● **INPUT DATA**
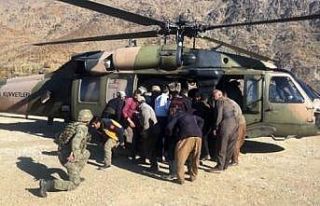 Askeri helikopter traktör kazasında yaralananlar...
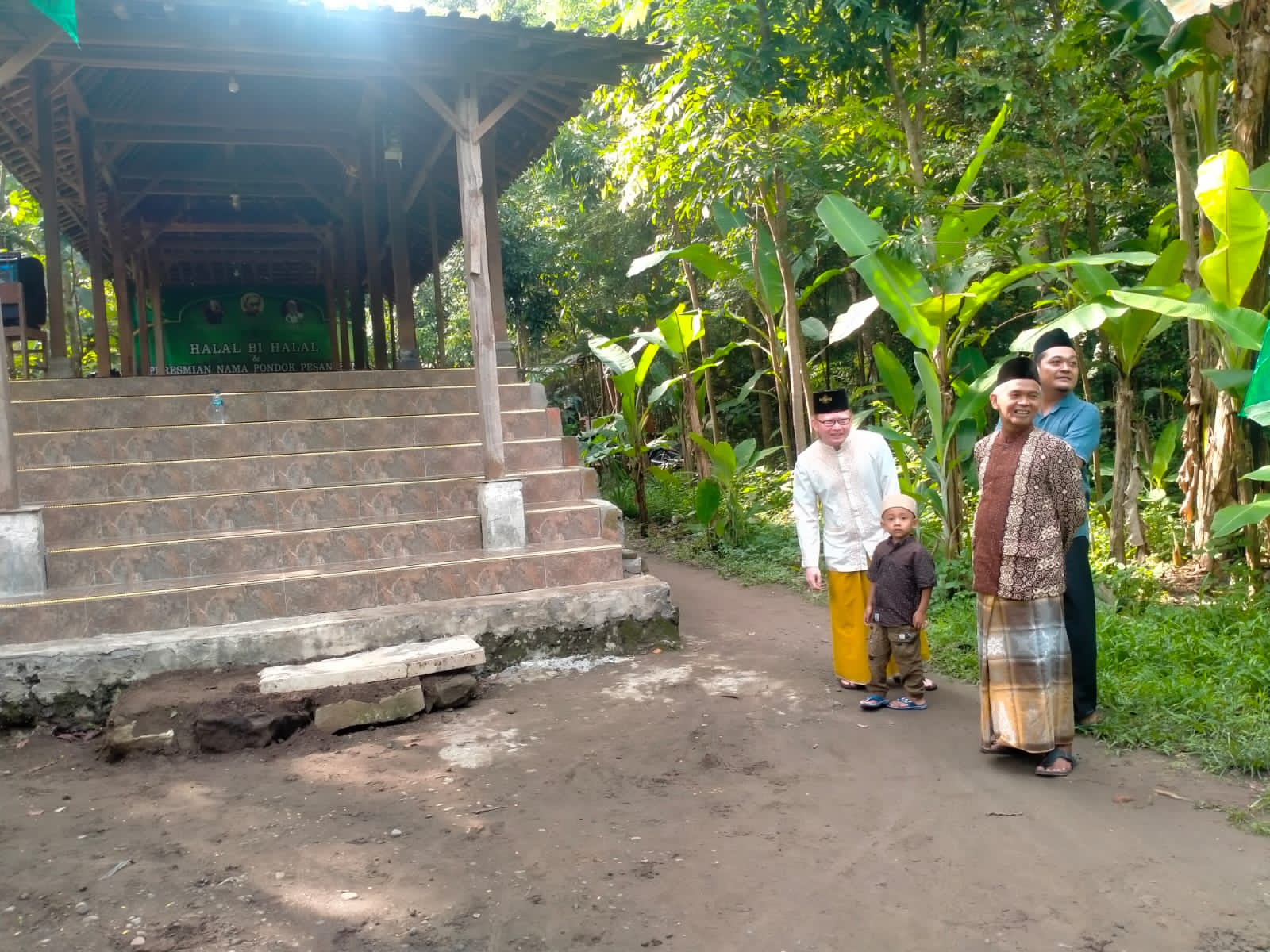LANGGAR KANOMAN PENDOPO SHOLAWAT SUNAN SUPROBO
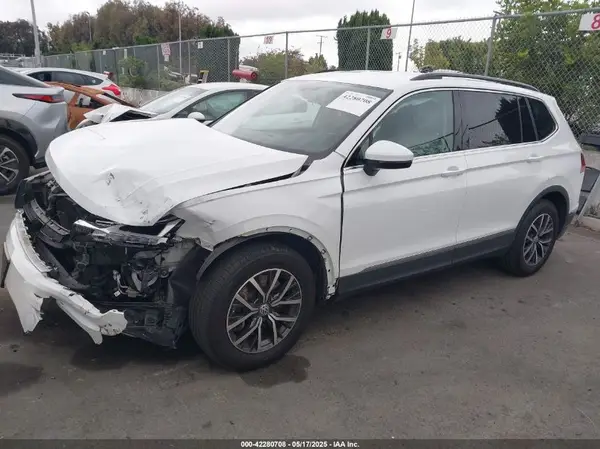 3VV3B7AX6LM182754 2020 VOLKSWAGEN TIGUAN - Image 2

● **AIM OF THE TASK**
The answer is to be the lines from the line that contains "LANGGAR KANOMAN PENDOPO" through the last line of the material, retyped exactly, both included, with pictures left out, please.

● **ANSWER TO THE EXERCISE**
LANGGAR KANOMAN PENDOPO SHOLAWAT SUNAN SUPROBO
 3VV3B7AX6LM182754 2020 VOLKSWAGEN TIGUAN - Image 2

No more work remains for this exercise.